Stored data —

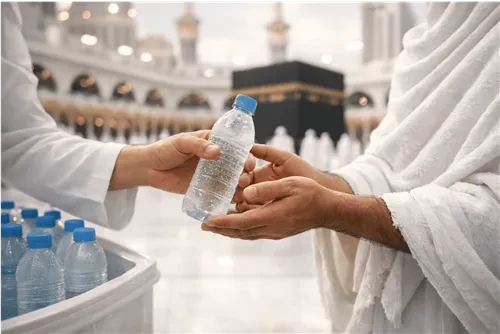 يوفر المشروع مشروبات باردة في الأجوا الحارة ومشروبات ساخنة في الأجوا الباردة ويتم توزيعها في أوقات الذروة ومواسم الازدحام لضمان خدمة أكبر عدد ممكن من المعتمرين والمصلينينفذ المشروع بواسطة فريق من المتطوعين لضمان التنظيم وسرعة التوزيع ويعكس قيم الكرم والعطا في خدمة ضيوف الرحمنمساهمتك تروي عطش معتمر وتمنحك أجر السقيا المستمر بإذن الله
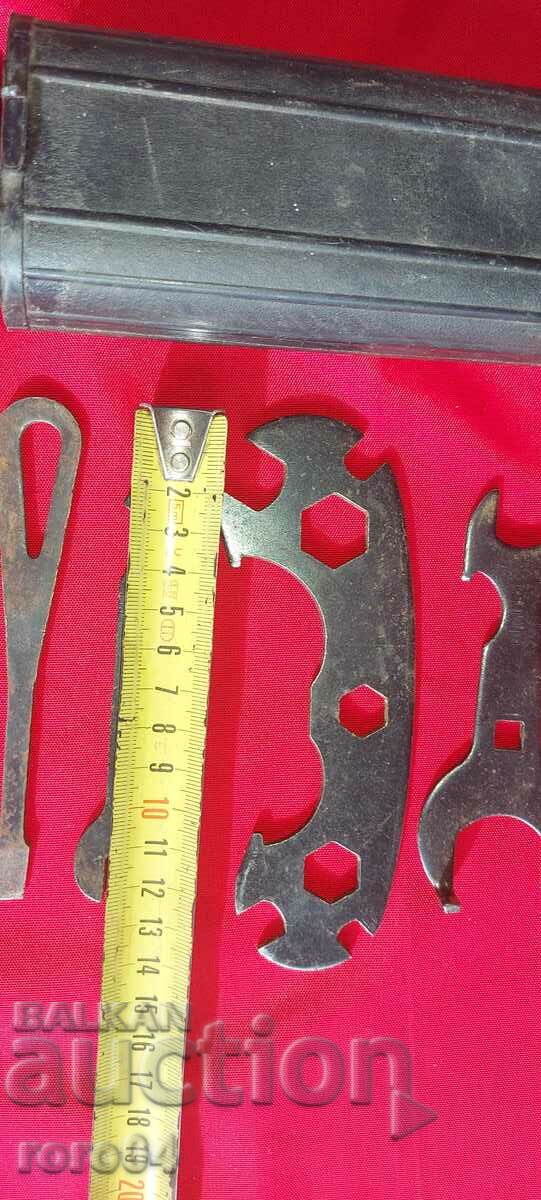 Delivery of BALKAN - BAG - TOOLS Delivery of BALKAN - BAG - TOOLS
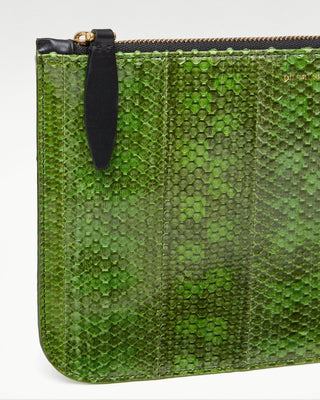 detailed view of the green vanni exotic snake skin zippered pouch|light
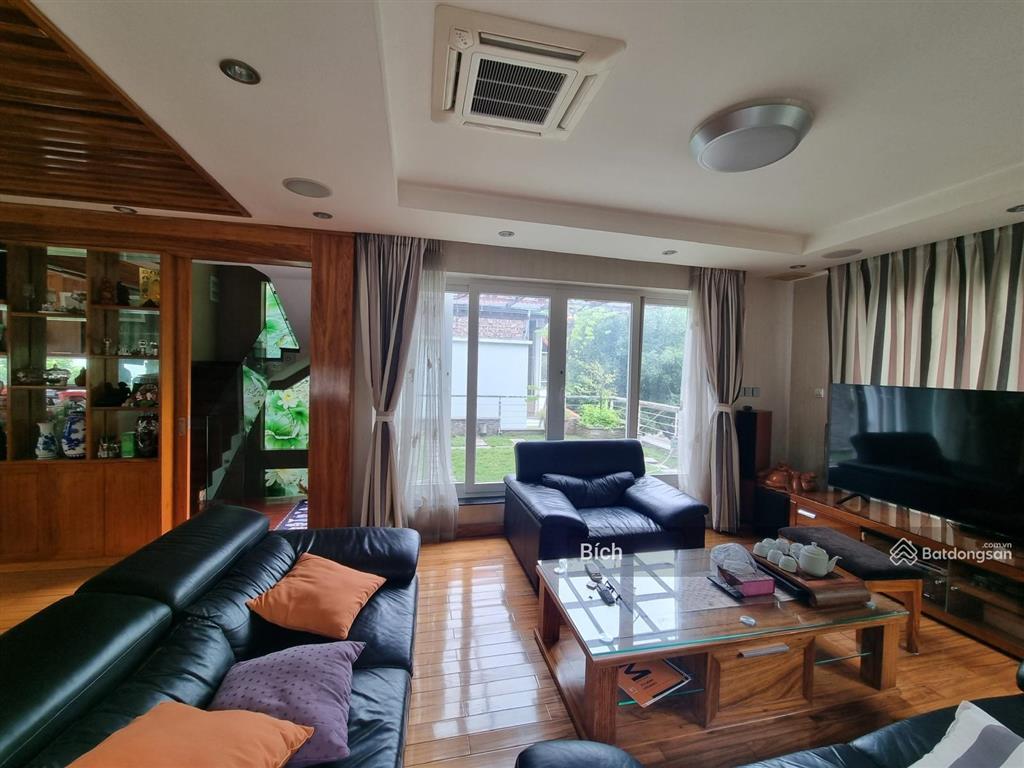 Bán gấp biệt thự đơn lập ecopark 378m2, mt 21m full nội thất luxury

What needs to be done — Transcribe only the lines between the line containing "Delivery of BALKAN - BAG - TOOLS Delivery" and the final line of the listing, inclusive, exactly as they appear; no pictures are to be included.

Output —
 Delivery of BALKAN - BAG - TOOLS Delivery of BALKAN - BAG - TOOLS
 detailed view of the green vanni exotic snake skin zippered pouch|light
 Bán gấp biệt thự đơn lập ecopark 378m2, mt 21m full nội thất luxury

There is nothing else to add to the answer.